Daemon Startup Responsiveness Research

Question

How should Signet keep HTTP health and control routes responsive during daemon startup and large-database recovery work?

Trigger

Issue #331 reported that upgrading from v0.76.3 to v0.76.6 on a large workspace database caused the daemon to bind port 3850 but remain functionally unresponsive. /health timed out and signet status hung.

Current startup shape

packages/daemon/src/daemon.ts performs database initialization, configuration loading, worker startup, and other background boot work before and around HTTP server readiness.

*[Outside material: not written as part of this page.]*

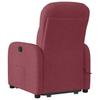 Vidaxl Lift and Massage Armchair, Reclining, Burgundy, Fabric Upholstered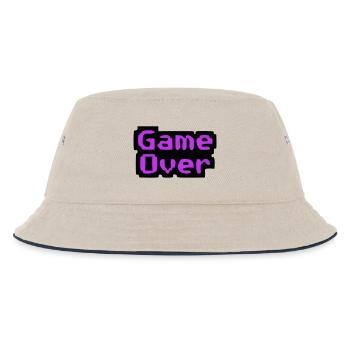 Game Over Pixel Retro - Bob Enfant - blanc cassé/bleu marine - Devant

The failure mode is not necessarily a crash. A synchronous SQLite scan or recovery loop running on the main thread can monopolize the event loop long enough that health probes appear dead even though the process is alive.

High-risk patterns

Synchronous startup recovery over large tables.
Background loops whose first pass runs immediately after startup and uses query shapes that defeat indexes.
Duplicate implementations of “is this memory already covered by an embedding?” logic drifting into expensive or inconsistent SQL.

Recommended guardrails

Recovery passes that touch large queues must be batched and yield between batches.
Health responsiveness is a contract: heavy recovery must not monopolize the event loop before operators can reach /health and repair routes.
Duplicate-hash embedding coverage logic should live in one shared helper and use index-friendly EXISTS checks instead of broad LEFT JOIN ... OR ... scans.
Add regression tests that prove startup recovery is deferred off the synchronous constructor path and that duplicate-hash coverage does not reintroduce pathological scans or infinite re-embed loops.

Practical implication

This is not only a performance issue. Startup responsiveness is an operational reliability requirement because every higher-level control surface depends on a healthy daemon answering requests promptly.